The consilience between economics and evolution is taken for granted nowadays, owing in large part to work by the distinguished evolution theorist (and Ridley’s academic mentor) Richard Dawkins. Dawkins’s path-breaking book The Selfish Gene (1976) piqued economists’ interest in the nexus between competition and evolutionary development; his later book The Blind Watchmaker (1996) deepened economists’ interest in F. A. Hayek’s ideas about spontaneous organization’s ability to outperform intentional design and centralized planning. Credit is also due the economists Richard Nelson and Sidney Winter, whose insightful book An Evolutionary Theory of Economic Change (1982) encouraged economists to recognize evolutionary effects in many economic phenomena.

Ridley’s argument avoids the usual tropes about the natural selection of genes and survival of the fittest. His focus falls instead on the natural selection of ideas—of cultural evolution that progresses through the units of imitation and replication that Dawkins, writing in 1976, termed “memes.” These amorphous units of thought are brought together by the exchange process, enabling them to evolve spontaneously into the complex behaviors and discoveries that underlie human prosperity.

Genes play a role, of course. Efforts to teach our closest relation, the chimpanzee, to exchange things of lesser subjective value for other things of greater value, as humans do, have been unsuccessful (p. 59). Even Neanderthals, whose brain volume exceeded modern man’s, evidently remained largely self-sufficient, never happening on specialization and exchange even though evolution itself did so, as the collaboration between alga and fungus to form lichen attests (p. 75).

Ridley does not identify specifically the mechanism that sets mankind apart from other species, a reticence attributable perhaps to an abundance of scientific caution. Nevertheless, his emphasis on the role of trust (an element of reciprocal altruism) and oxytocin (trust’s biochemical, neuropeptide driver) is telling. Oxytocin affects the amygdala, a midbrain structure that modulates emotion and fear and so enables trust, choice, and exchange. These ingredients exist to varying degrees in all mammals. Ridley suggests, therefore, that mankind has evolved “a particular sensitivity to oxytocin systems” (p. 97), thus enabling its unique propensity for exchange.

Ridley argues that exchange not only caused the human species to expand “in ten thousand years from less than ten million to nearly 10 billion people” (p. 12) but also enabled succeeding generations to live increasingly prosperous lives. Periodic retreats from specialization and exchange into self-sufficiency, as occurred most conspicuously during the Dark Ages, are conversely shown to be associated with population crashes and reduced living standards.

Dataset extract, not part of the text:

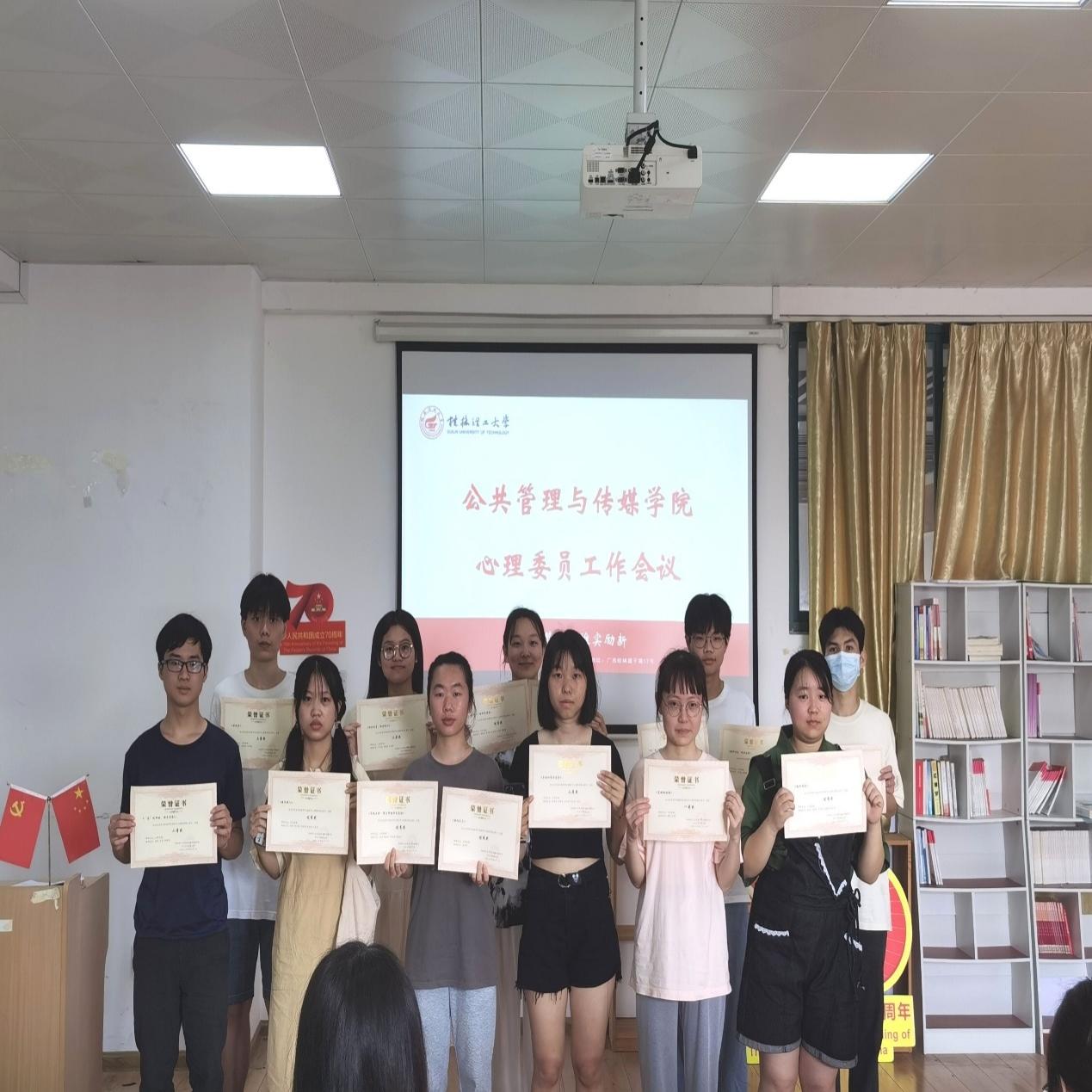 太阳成集团tyc151cc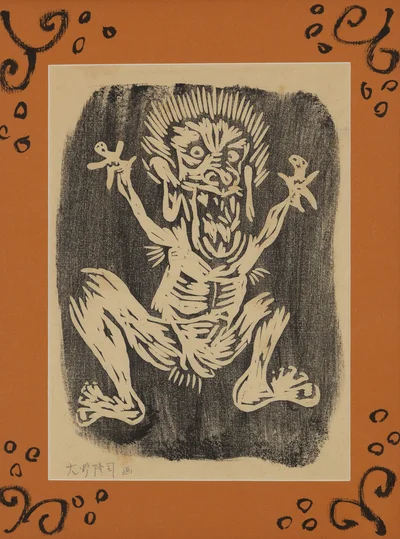 Ashura, Takashi Ohno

Misery abounds in the world despite the remarkable propensity for exchange. Ridley lays much of the blame for this condition at the feet of governments, which he characterizes as being insufficiently symbiotic and overly predatory, tending always “to be good things at first and bad things the longer they last” (p. 182). In a previous book, The Origins of Virtue: Human Instincts and the Evolution of Cooperation (New York: Penguin, 1997), he argues that mankind’s biological inheritance generates a lingering propensity for a “parasitism of reciprocity”— a once-useful intolerance of and punitive propensity toward stinginess, which evolved to police a system of reciprocity by predisposing individuals to extort a “fair share” of others’ good fortune (pp. 123–24). Ridley does not reprise this point in so many words in The Rational Optimist, although it pertains to his present observation about parasitism being responsible for “starting wars, demanding obedience, building bureaucracies, committing frauds, [and] preaching schisms” (p. 352). Such biologically rooted behavior potentially poses an upper limit on mankind’s capacity to prosper through exchange, although, as Dawkins argued in 1976, the capacity for reason enables us to rise consciously above the dictates of our selfish and outdated genetic programming.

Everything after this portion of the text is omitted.